I also decided to experiment with the colors I was going to use to see the different effects I would get. Some instructions said to use paint and others mentioned dyes.

      I used some scraps of synthetic material to do my experiments on but you can use natural fibres too. This first sample was on unwashed fabric.  I wrote the name of the glue so I could find them later on. I also tried to draw small flowers with some of them but the glue spread too much. I painted over the right side of the fabric and used dye on the left.When it was dry I soaked the fabric for about an hour to soften the glue then hand washed it. The paints are very bright on the synthetic, the dye is quite muted.
     The two glues that worked the best were the Elmers white glue and the Kids glue by Portacraft (from a $2 shop). The other glues worked on the painted areas but not very well with the dye because they didn't penetrate the fibres as much. The metallic gold Dala fabric paint didn't really work at all (it is the green looking paint in the middle). It seemed to stick to the glue and not come off. At the very bottom I used a white Uniball Signo pen just to see what would happen. To my surprise it did work a little.

 This is after I threw the fabric in the washing machine to see what would happen. The crayola glue that didn't wash out properly by hand did wash away this time. Some of the white areas have become brighter too. 

This sample was done the same way but it is on washed fabric. I don't think there is much difference to the unwashed fabric. I also used the smaller bottles on this one to see if I had better control of the glues. I was able to take more care to get thinner lines.

After machine washing some of the fabric paint washed away but it is barely noticeable.

     These samples are a different variation of this technique. You place a stencil on the plain fabric first then use a silk screen ( I used a home made screen to spread the glue across the fabric. Immediately wash your screen and stencil so they don't get ruined. Then when the glue is dry paint or dye on top and leave to dry before washing out the glue.
       I used the J Burrows glue at the bottom and the Mont Marte glue gel (cheap store) at the top. Again I dyed the left side and painted the right. The left fabric is unwashed and the right washed.  I did heat set these fabrics in the microwave by placing in a microwavable bag and zapping for about 30 secs. The dye is a bit darker than the previous samples. I pressed too hard when screen printing the glue so the pattern is a bit blurred but the basic idea works. With a bit more practice I should get a clear image. The glue doesn't resist as well with this technique so the white is not as bright. 

After machine washing the fabric is as soft as it was originally, even the painted side. I think this would be a great way to make some pretty fabric of your own to use in your textile projects. You could probably do more stencils and colors on top of these for a multi-layered look. The possibilities are endless.

Sunday, February 21, 2016

Colour me positive week 2

I have fallen behind with my colour me positive challenge already. I think I have been distracted by textile experiments and am unsure whether I will continue or not. In the meantime here is a step by step of my week 2 page.
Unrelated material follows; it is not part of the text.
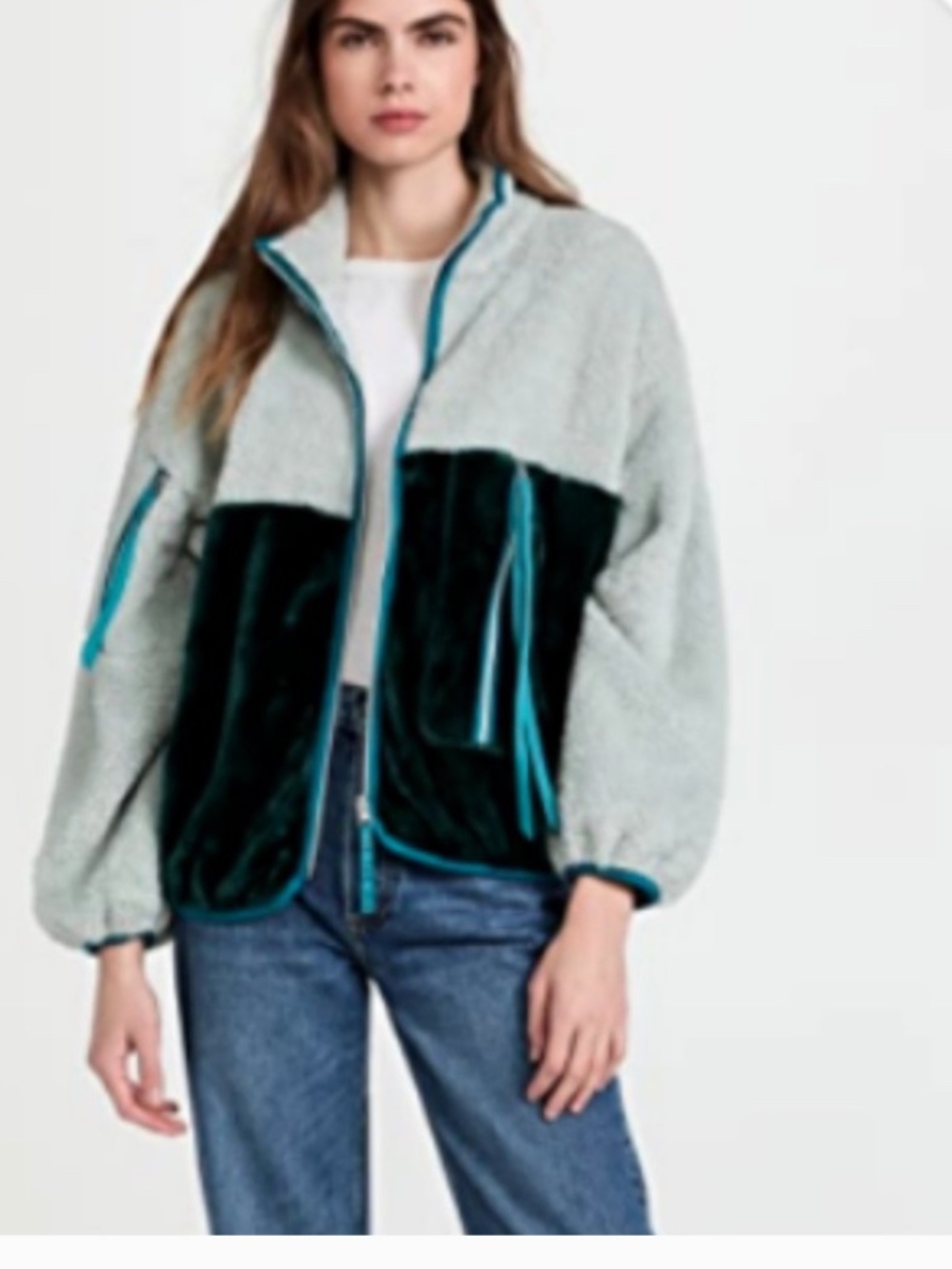 UGG Marlene Sherpa Quilted Fleece Jacket • Sidewalk/Racing Green • L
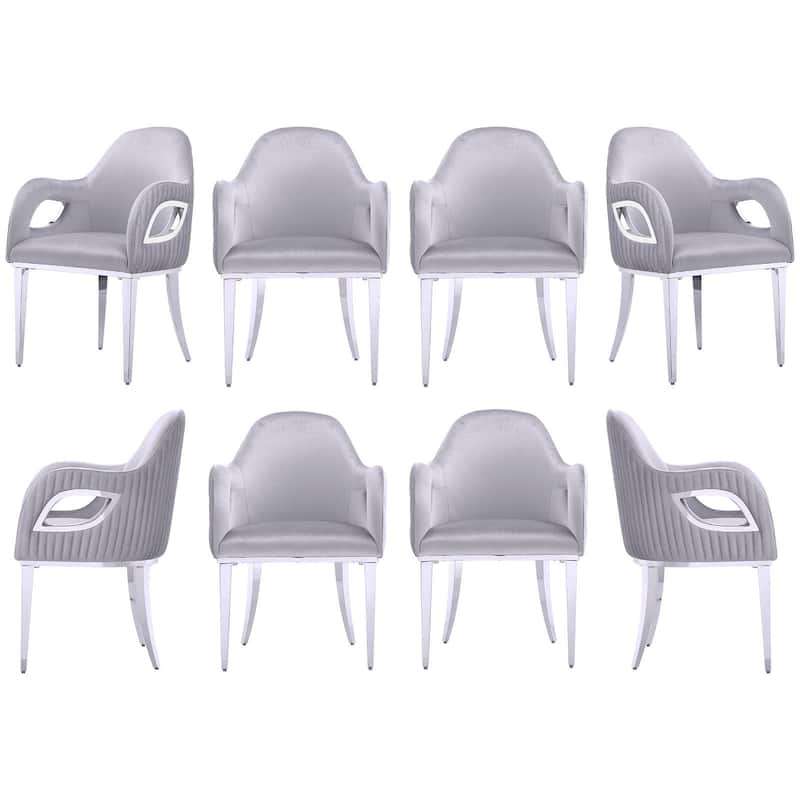 Gray Velvet Dining Armchairs with Stainless steel Legs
The quote for this one was "She took the leap and built her wings on the way down"

I decided to sketch a leaping person. It took a while to get it to look right but finally I was happy with the sketch. I used a journal page that was already painted pink with watercolor. 

I used some stencils and acrylic paint to add patterns to the page. I sprayed on some dye ink while the page was still wet to make the paint bleed a bit. 
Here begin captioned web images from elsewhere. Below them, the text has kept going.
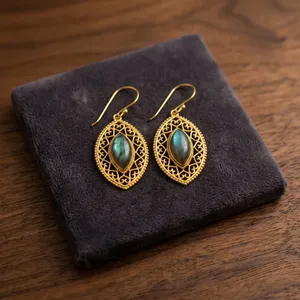 Boucles d'oreilles en laiton avec pierre précieuse labradorite, vente en gros, bijoux faits à la main de style bohème pour femmes - Product Image 5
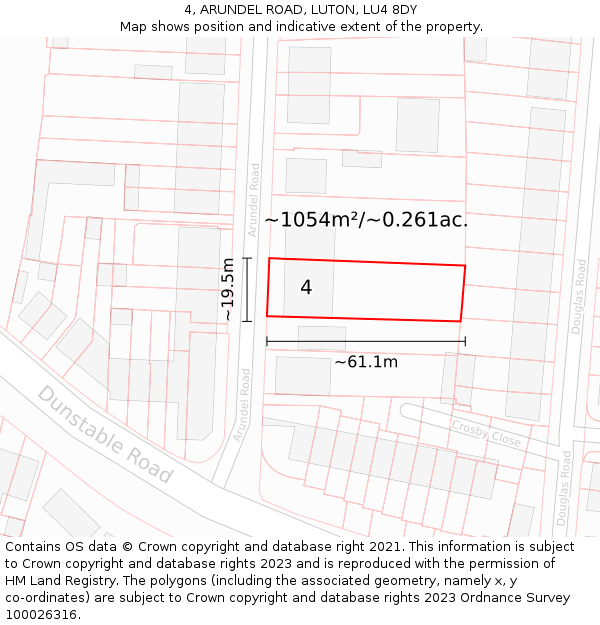 4, ARUNDEL ROAD, LUTON, LU4 8DY: Plot and title map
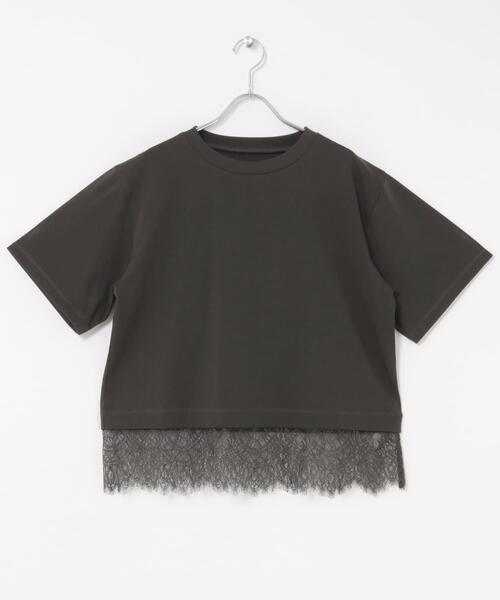 ITEMS URBANRESEARCH(アイテムズ アーバンリサーチ)の「裾レースコンビTシャツ(Tシャツ/カットソー・レディース・ホワイト/ブラウン/ブラック/チャコールグレー・FREE)」の18枚目の写真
I wanted to make it a bit more orange so I added a few more stencils and paint.

I couldn't stop myself from having fun and added even more paint because I thought the red stood out too much. I was not unhappy with the finished look but I could have stopped after the first step. 

Next I painted the hessian (or burlap in some countries) white and stamped that onto the page for a different texture. I liked it and added a bit more here and there. I also did the same stamping with green paint and bubblewrap.

 I painted on the leaping figure and used a white pen to add some lines. I added some white dots with a flick of the paint brush. I wrote the quote with a pitt pen and thought that the page was finished.

A couple of days later I decided I wanted to add a little pattern to the green paint of the silhouette so used a stencil and some copper paint to go over the girls dress. Now it is definitely finished.

Friday, February 19, 2016

An experimental textile piece

This year my textile group ATASDA has asked us to make circles for the display at the craft fair in August. There are no restrictions and they can be any medium and any colour. I decided I was going to try out some of the techniques I have been reading about in my magazines. 

The first technique is from a textile artist called Margaret M Roberts. She was featured in Quilting Arts magazine Issue 4 (winter 01) and on the cover. Unfortunately there were no instructions, just images of her work and a brief description but I was intrigued so I gave it a go in my own way.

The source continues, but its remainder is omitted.